Exposing IQueryable from a Repository

During my hiatus of 2-1/2 years from this blog, I have gone from independent consulting through being employed by a large company to now working for small company. Along the way, I have picked up C#, .NET and other interesting artifacts of the computing world. For that reason, I am expanding my blog to cover not just Java, but any computing topics that sparks my interest at that moment.

Recently, I was asked for my opinion on this C#/LINQ subject: Are there is any downside to returning IQueryable from a Get in a Repository pattern? That question forced me to put my thoughts on the subject in order, which I am setting down here.
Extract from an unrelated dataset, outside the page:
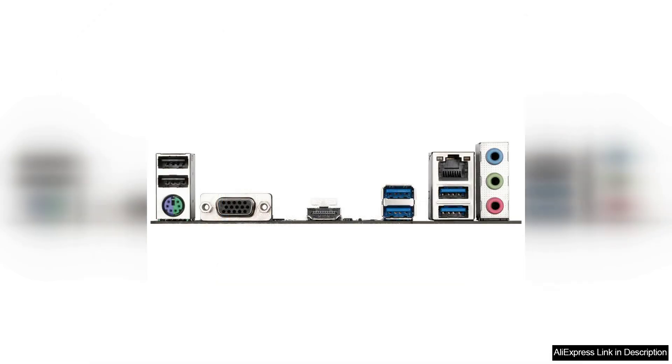Overall, the Gigabyte A520M KV2 is a solid choice for budget-conscious builders looking to pair their AMD Ryzen 3 or Ryzen 5 Series CPU with a reliable and feature-rich motherboard. With support for the latest Ryzen processors, a clean and modern design, and a range of connectivity options, this motherboard offers good value for money. Whether you're building a gaming PC or a work machine, the A520M KV2 has everything you need to get started.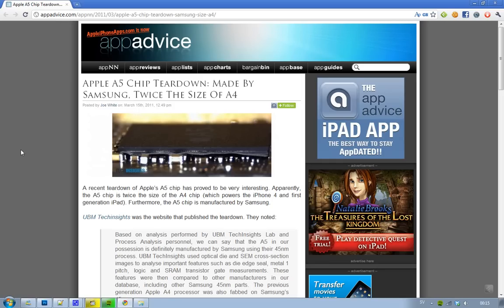The Apple A4 chip is in the iPhone 4 and the iPad 1. And it's kind of funny that this Apple A5 chip is manufactured by — could you guess? Samsung. It's funny because Samsung and Apple are really big competitors against each other in the smartphone and tablet markets.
Now, I know that purists hate it because it violates the “Separation of Concerns” principle. And there are good (and practical) reasons to be wary:
  • Since IQueryable is an expression container, the programmer may potentially construct an ill-advised query (e.g., adding a filter on an un-indexed field or pulling in a large table in its entirety.)
  • It may make it harder to unit test since IQueryable has a trail leading all the way to the database. This may be alleviated by mocking the data source, but may not produce the same results.
On the other hand, there is also a huge upside, if you need it:
  • Paging. Because you are deferring execution to the database, you can let the database pull in only the exact number of records you need at the point where you need it – in the Controller. Much more efficient than pulling it all into memory and then paging in code. I’d argue that this, in fact, promotes the SoC principle by keeping paging in View-Controller where it properly belongs, instead of passing it along through the business layer into the repository for handling. (One way around this is to encapsulate IQueryable. I am not particularly keen on this but I can't quite put my finger on why.)
Looking on the web, it looks like I may be late to the game as this topic has been argued many times with people's opinions falling on both sides.